The Business and Technology Incubator at the Hamas-run Islamic University is focusing on gaming, apps, web development and multimedia; workshops are harnessing the talent of bored young Gazans with nowhere to go. The Strip now even has its own technology business accelerator, Gaza Sky Geeks, initially funded by Google as part of a project by the Mercy Corps ngo, whose digital economy director, John Ross, says there is a crucial gap in the sector that Gazans are well-placed to fill: “With little online content and few applications in Arabic, our start-ups are tapping into a vastly under-served market,” he says.
More than 160 start-ups competed to get a place in the intensive acceleration programme, with Oasis500, a Jordan-based seed investment company providing the two winners with $14,000 (€10,000) of working capital and a three-month acceleration process. Start Up Weekend arrived in Gaza last year; 2013 also saw Palestine’s first Global Entrepreneurship Week. With investment coming from within Palestine as well as from international funders, 2014 could be the year Gaza geeks make their global mark.
Datrios: Developing an Arabic-language social network app with crowd-sourcing abilities for sports fans.
DWBI Solutions: Focusing on the management of big data and how to improve data-driven decision-making at large institutions.
Color Vision: Developing smartphone applications to help visually impaired people identify colours.
Supermarkets haven’t taken off in India due in part to the country’s often warm climate and unreliable infrastructure. Danish firm Danfoss is taking on the challenge of getting perishable foods from farm to checkout in chilled conditions.
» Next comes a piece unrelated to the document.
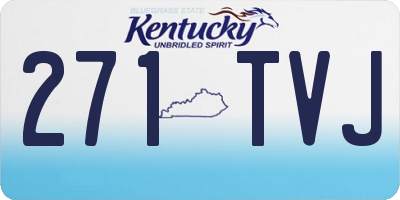 KY license plate 271TVJ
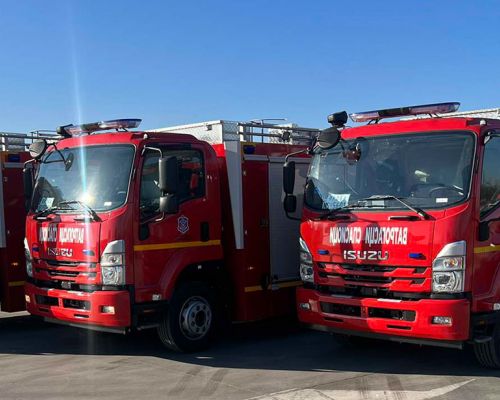 Naval firefighting vehicle VP 3000-300 on ISUZU F14 chassis, three vehicles delivered to the Department for Emergency Situations of the MUP of Serbia. Date of delivery 28.12.2023.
Already a player in the Indian government’s National Cold Chain task force, the refrigeration giant is helping set up clusters of cold storage units in harvest areas. The firm is also due to open a €74m research and development facility near Chennai, southeast India by 2015. As the infrastructure improves the smart money may well be on developing the country’s untapped supermarket industry.
Cheese is a hard sell in China. Around 90 per cent of the adult population suffers from a degree of lactose intolerance and even the western-influenced middle class find the idea of fermented milk a little grating. However, Chinese cheese sales jumped 22 per cent in 2012. But it is not the old dairy superpowers, such as Italy and France, that have made the impact. New Zealand has emerged as the dominant force, supplying 40 per cent of imports. The Auckland-based co-op Fonterra has been particularly successful marketing plainer mozzarellas and cream cheeses.
Entrepreneur and designer Sarra Ganouchi realised she was sitting on something valuable 10 years ago in Tunisia – her beach towel (known locally as a fouta). Since 2011 the Swiss-Tunisian’s company – called, appropriately enough, Fouta – has manufactured small runs of the finely woven cotton towels with the aim of helping to keep the storied tradition of Tunisian textile manufacturing alive. A design graduate of the prestigious Zürich University of the Arts, Ganouchi brings Swiss precision to updating the traditional skill in collaboration with a collective based in the Ksar Hellal, eastern Tunisia.